Intuition behind filter on a set

Solution 1:

Generally each filter encodes a possible meaning of what it means for a subset of $X$ to be "large enough" or "contain enough points" for something.

In addition to Asaf's examples, other good filters to keep in mind are

  1. The principal filter of $x\in X$, which is the set of all subsets of $X$ that contain $x$. Here "large enough" is almost trivial, being large enough just means to contain $x$.

  2. The neighborhood filter of $x$, when $X$ is a topological space. This is the set of all subsets of $X$ that have $x$ as an interior point.

These example show that being "large" or (in Asaf's words) including "most" elements can be very context dependent and doesn't need to correspond to "most" in an objective sense.


The neighborhood filter is particularly important because it is the prototype of the use of filters to generalize the notion of limits. Filters are one possible answer to what kind of thing does "$x\to 5$" in $\lim\limits_{x\to 5} f(x)$ stand for.

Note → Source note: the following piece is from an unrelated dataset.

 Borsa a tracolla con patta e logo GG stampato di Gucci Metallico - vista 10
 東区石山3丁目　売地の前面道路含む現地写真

For example, when $\mathcal F$ is a filter in $X$ and $f$ is some function defined on $X$, we can define $$\lim_{x\to\mathcal F} f(x)=y \text{ means that } \forall \varepsilon>0\, \exists F\in\mathcal F\, \forall x\in F : |f(x)-y|<\varepsilon$$ If we choose $\mathcal F$ to be the punctured-neighborhood filter at $5$ gives us the usual limit for $x\to 5$. But there are other filters that give one-sided limits ($x\to 5^+$ corresponds to the filter of all sets that contain $(5,5+\delta]$ for some $\delta>0$) or limits involving infinity ($x\to-\infty$ corresponds to the filter of all sets that contain $(-\infty,y]$ for some $y\in\mathbb R$), and so forth, which can now be considered instances of a single uniform concept.

Solution 2:

Filters come to model the notion of "large sets", or subsets which include "most" of the elements of $X$.

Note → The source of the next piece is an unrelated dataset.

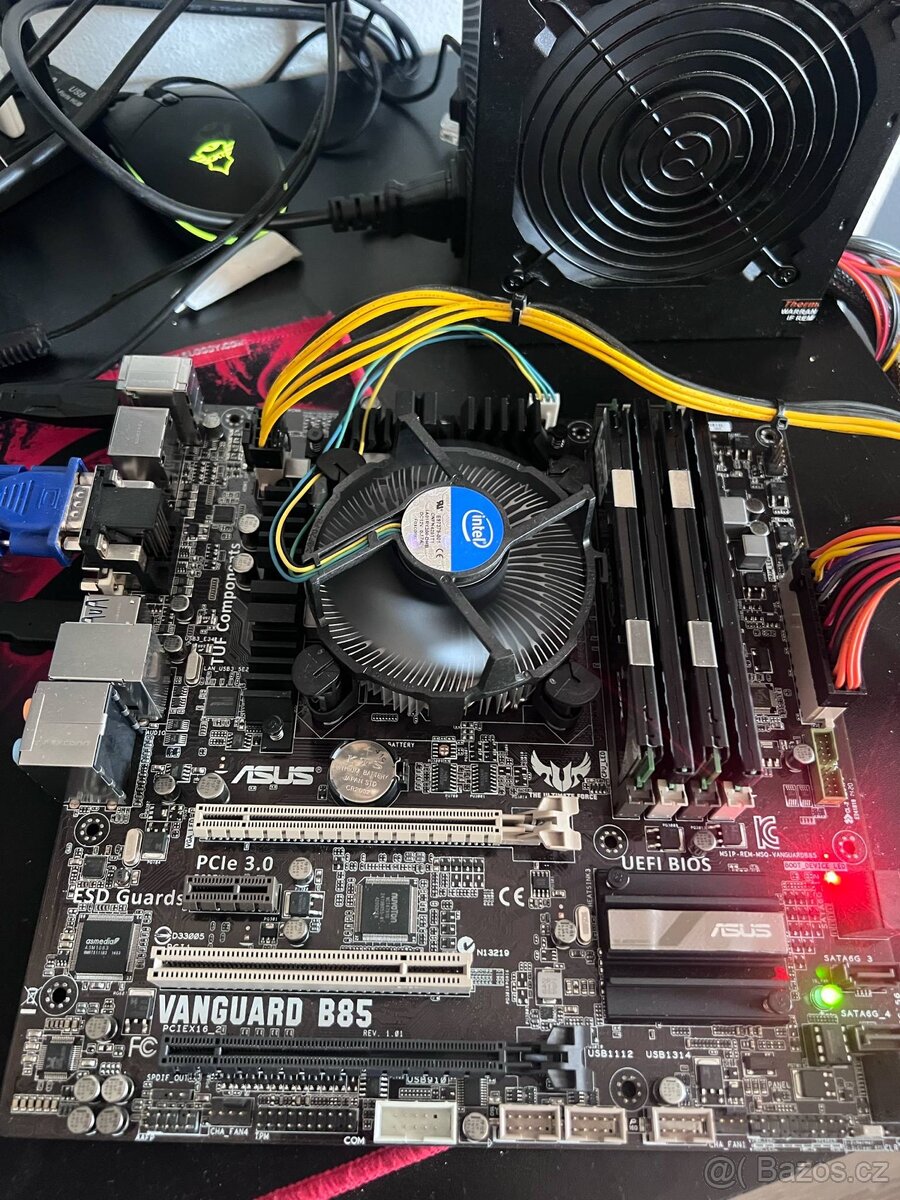 Zakladni deska z cpu a paměťi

  1. Most elements of $X$ are in $X$; and most elements are not in $\varnothing$.
  2. If most elements are in $A$ and most elements are in $B$, then most elements are in $A\cap B$.
  3. If most elements are in $A$, and $A\subseteq B$, then of course that most elements are in $B$.

Examples for "most" can be seen in the canonical examples, the cofinite filter, namely $\mathcal F=\{A\subseteq X\mid X\setminus A\text{ is finite}\}$. Then every $A\in\mathcal F$ includes most of the elements of $X$ in this aspect.

Similarly, $\{A\subseteq[0,1]\mid m(A)=1\}$ where $m$ is the Lebesgue measure, also gives us a filter on $[0,1]$ which give us subsets which are almost everything in terms of measure.